Both organic and inorganic compounds that breakdown have the potential to leech chemicals into the soil or byproducts into the air. Methane is the most widely known and researched gas related to land fills. Neighboring human establishments, as well as the plant and animal life that surround landfill sites are directly affected by oversaturation.

Whether in land fills or waste disposal sites, how we think and manage our waste products impacts our ecosystems either through how they impede natural wildlife, fail to degrade, or by the waste of their degradation. Combating waste has just as much to do with our personal choices in our lives as well as the products or policies we support. Washington State has recently started to use a waste-to-energy program designed to combat the growing amounts of waste in their landfills as well as put methane byproducts to use. The savvy design uses technology to capture the methane gas and transfer it to energy collection sites like Puget Sound Power & Electric, one of Washington’s largest power companies.

This shows us just what thinking outside of the box is all about.
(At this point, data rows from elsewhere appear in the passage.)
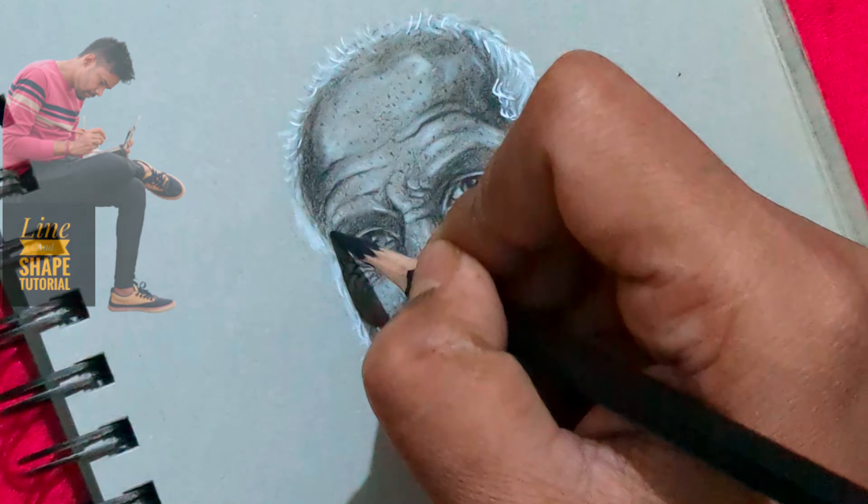Number 2: employ different charcoal pencils to achieve varying tones and textures, from light shading to darker, more defined areas, enhancing realism.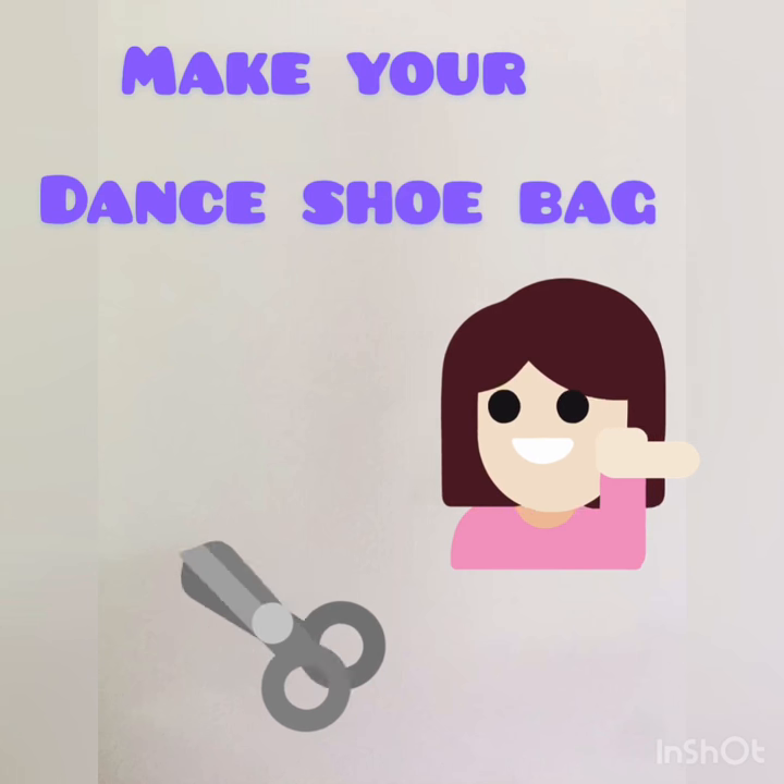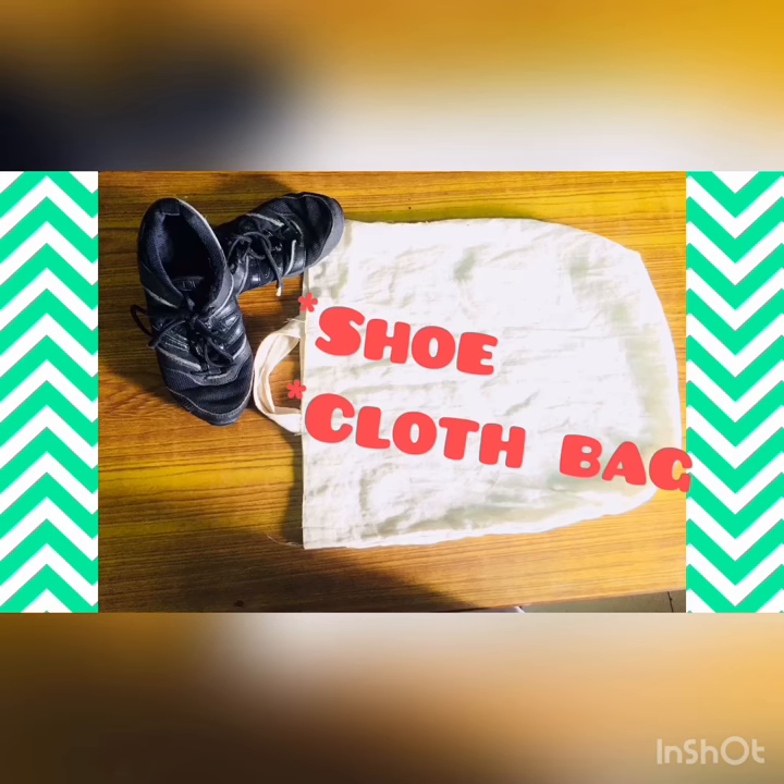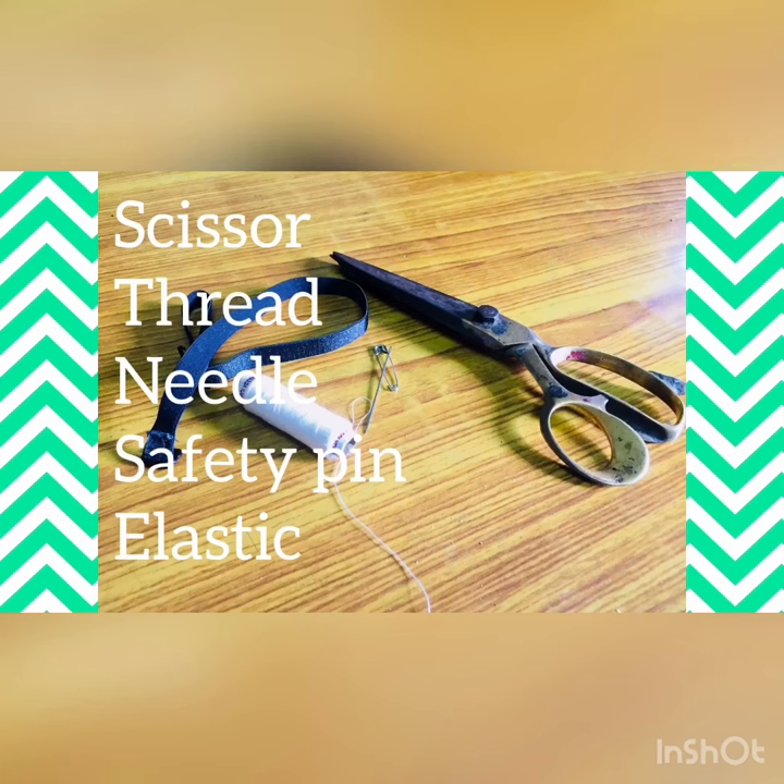Today I'm going to show you how I made, or you can make, your dance shoe bag. All you need is one pair of shoes and a cloth bag. Get your scissor, thread, needle, safety pin, and one elastic band to tie the opening part of your shoe bag.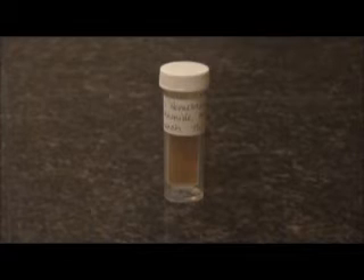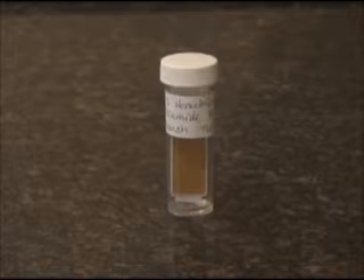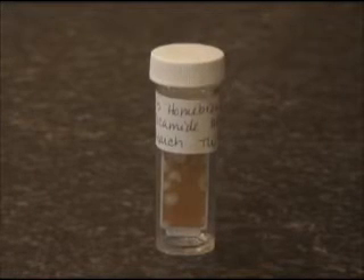The mold colonies did not begin to appear until six days after sampling and appeared almost instantly as a large growth. The final mold picture is after seven days of incubation.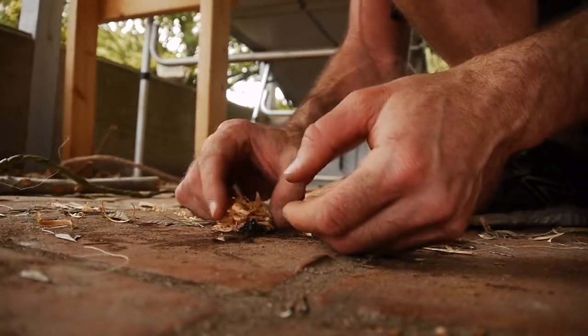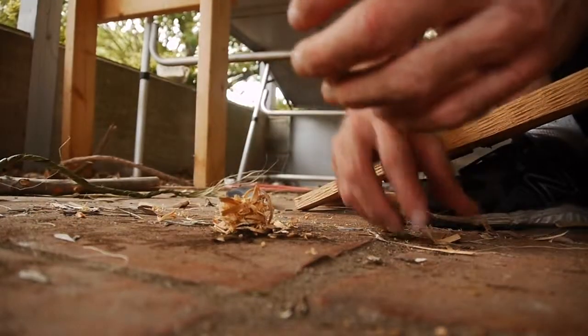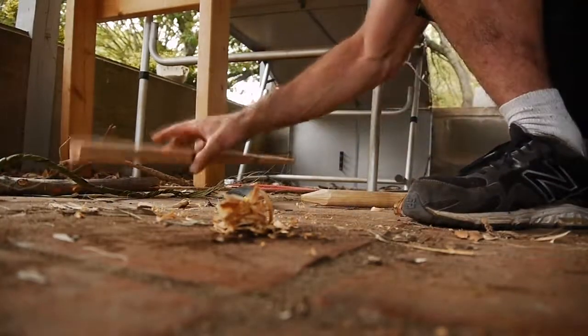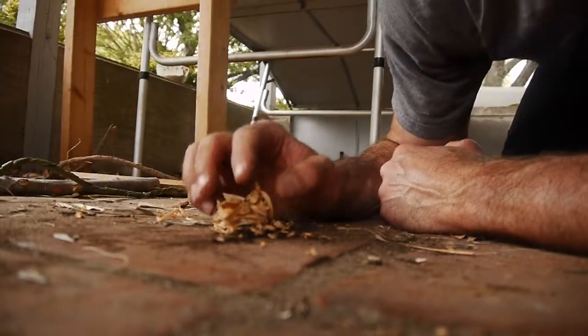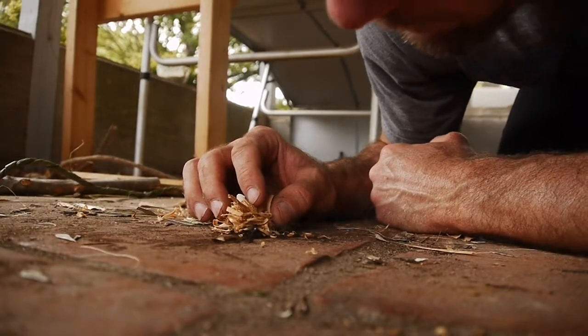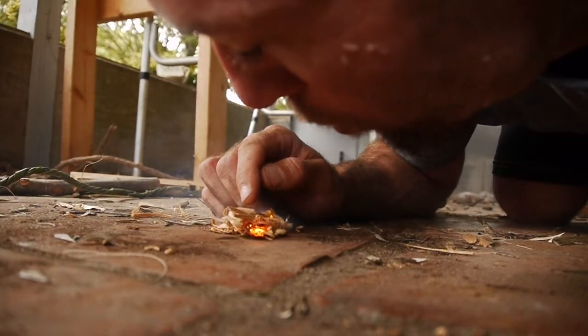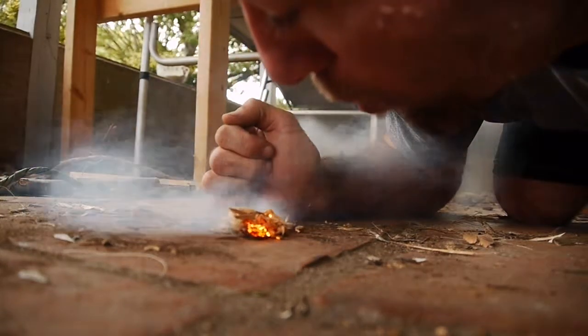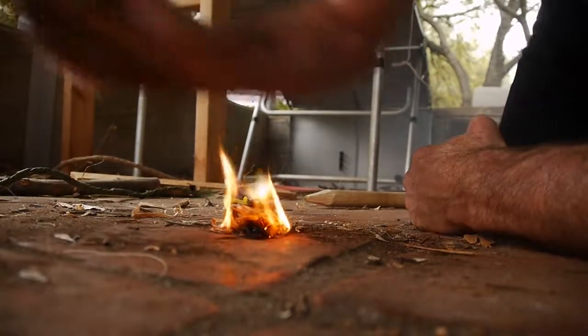Again, not the best way to do this, but it can be done. Blow this, get this into flame here and then I'll add the rest of my tinder bundle, or get some of that spark up into this. So not the best way to do it, but it'll work.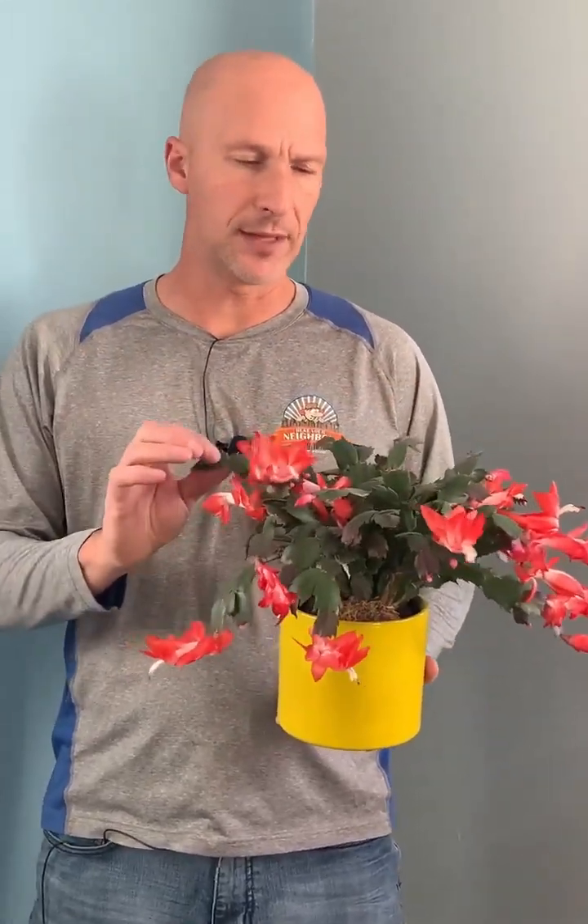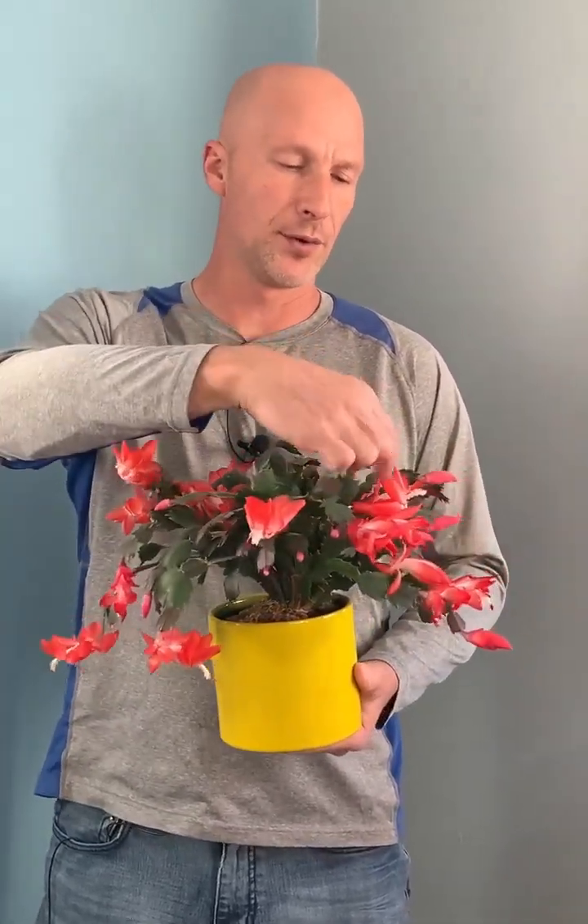Once it drops all the blooms, we go through and basically dust it off and clean it up. Keep it nice looking for the rest of the year.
Waste reduction is imperative to our overall environment and a major contributing factor to protecting biodiversity. Using the garbage that is present to then power the very places we live, work, and play in is nothing short of genius. In a culture where reduction is often overlooked or regarded as insignificant there will continue to be a struggle in its promotion. Every more a reason to increase awareness of the options available, look at what others are doing, and encourage creativity and futuristic thinking.